Le botaniste qui entreprend quelque course que ce soit, dans l’intention de ramasser des plantes, doit se munir d’une boîte de fer-blanc plus ou moins grande, dont le couvercle est à charnière & s’ouvre sur la largeur : au fond de la boîte on peut mettre une éponge imbibée d’eau sur laquelle reposeront les plantes que l’on y renfermera, l’humidité qu’elle entretiendra dans la boîte empêchera les plantes de se faner, & de se dessécher, sur-tout si l’on herborise dans les ardeurs du soleil, comme souvent on est obligé de le faire. C’est dans cette boîte qu’il met les plantes à mesure qu’il les ramasse, avant que de les arranger dans son porte-feuille. Comme il est intéressant au botaniste de cueillir la plante dans son état de perfection, il faut qu’il ait soin de la prendre en fleur, autant qu’il le pourra. Parmi les tiges portant fleurs, on choisit celles dont les couleurs sont plus belles & le port mieux conservé : si la plante est petite, on la prend toute entière, sinon, on prend de préférence la tige qui contient branches, feuilles, boutons & fleurs. Pour compléter son histoire, on y joint la racine quand elle est de nature à être conservée dans un herbier : à mesure que la récolte se fait, on l’arrange dans la boîte, de façon cependant, que les diverses branches ne se brisent pas, & ne plient point. L’humidité de l’éponge prolongera leur vie au moins jusqu’au soir. Il faut avoir soin cependant d’éviter que les feuilles & les fleurs touchent cette éponge, parce qu’elles noirciraient insensiblement ; il n’y a que l’extrémité de la tige qui doit reposer dessus. Par la même raison, on ne doit cueillir les plantes, autant que cela se peut, que par un temps sec, & lorsque le soleil a enlevé toute l’humidité de la rosée ; lorsque les fleurs sont bien épanouies & les feuilles bien étendues. On doit prendre deux ou trois pieds de chaque plante, afin de pouvoir les comparer, & s’assurer par-là, que l’individu que l’on cueille n’est pas une variété de l’espèce. Par rapport aux arbres & aux arbustes, on est forcé de se restreindre aux feuilles, aux parties de la fructification, ou tout au moins, à ne cueillir que l’extrémité des jeunes pousses. L’usage & l’expérience en apprendront encore plus que les préceptes que nous venons de donner.

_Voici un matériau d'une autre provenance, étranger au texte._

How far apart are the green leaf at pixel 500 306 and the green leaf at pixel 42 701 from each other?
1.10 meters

§. II. Récolte du Pharmacien.


Les détails que l’on lit sur cet objet, ainsi que sur la dessiccation des plantes, dans les Démonstrations élémentaires de botanique à l’usage de l’École Royale Vétérinaire de Lyon, concernant exactement tout ce que le pharmacien doit faire, nous allons les donner tels qu’ils se trouvent dans cet ouvrage.

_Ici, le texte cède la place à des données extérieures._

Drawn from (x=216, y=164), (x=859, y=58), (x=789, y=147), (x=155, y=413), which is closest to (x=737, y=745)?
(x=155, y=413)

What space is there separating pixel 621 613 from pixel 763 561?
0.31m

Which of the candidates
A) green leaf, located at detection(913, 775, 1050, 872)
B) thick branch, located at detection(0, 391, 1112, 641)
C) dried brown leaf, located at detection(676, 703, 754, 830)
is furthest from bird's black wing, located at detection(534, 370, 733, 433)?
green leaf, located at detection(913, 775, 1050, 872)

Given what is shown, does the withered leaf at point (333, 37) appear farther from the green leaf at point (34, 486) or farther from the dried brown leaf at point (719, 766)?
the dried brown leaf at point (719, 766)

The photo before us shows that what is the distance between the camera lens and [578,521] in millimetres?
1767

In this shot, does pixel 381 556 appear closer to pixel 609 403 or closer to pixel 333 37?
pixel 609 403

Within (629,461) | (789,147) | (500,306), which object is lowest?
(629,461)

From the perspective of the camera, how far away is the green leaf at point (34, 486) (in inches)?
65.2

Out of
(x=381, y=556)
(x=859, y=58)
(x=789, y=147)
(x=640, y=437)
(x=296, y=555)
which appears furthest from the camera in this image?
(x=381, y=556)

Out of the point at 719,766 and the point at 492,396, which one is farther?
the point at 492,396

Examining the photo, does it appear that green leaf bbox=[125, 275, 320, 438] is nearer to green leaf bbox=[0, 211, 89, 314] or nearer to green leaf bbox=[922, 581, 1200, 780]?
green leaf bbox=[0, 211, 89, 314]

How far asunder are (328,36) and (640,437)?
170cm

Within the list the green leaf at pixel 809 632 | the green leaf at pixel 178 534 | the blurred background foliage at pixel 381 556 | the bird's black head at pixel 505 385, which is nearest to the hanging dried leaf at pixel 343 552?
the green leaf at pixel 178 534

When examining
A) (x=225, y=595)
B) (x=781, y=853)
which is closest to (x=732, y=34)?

« Le choix de la saison est très important pour la récolte des plantes & des parties qui les composent : il en est qui sont dans leur état de vigueur au printemps, d’autres en automne, d’autres en été ; quelques-unes demandent à être cueillies en hiver. Chaque partie de la plante a pareillement ses temps différens ; les racines peuvent être cueillies en toute saison, pourvu qu’elles soient charnues. Dans les plantes herbacées, quelques racines deviennent ligneuses à mesure que leur tige monte ; elles perdent alors leurs vertus, & l’on doit les ramasser avant l’entier développement de la tige ».

» Quelques auteurs conseillent de prendre les racines au printemps ; ils prétendent que l’hiver, laissant les parties de la plante dans un état de repos, les sucs se conservent dans la racine, qui en pompe encore quelques-uns malgré la rigueur du froid : ils en concluent qu’elles ont alors plus de parenchyme & moins de parties ligneuses ; au lieu qu’en automne elles sont privées des sucs qu’elles ont fournis pour le développement de la plante, qui ne sauroit exister de nouveau ».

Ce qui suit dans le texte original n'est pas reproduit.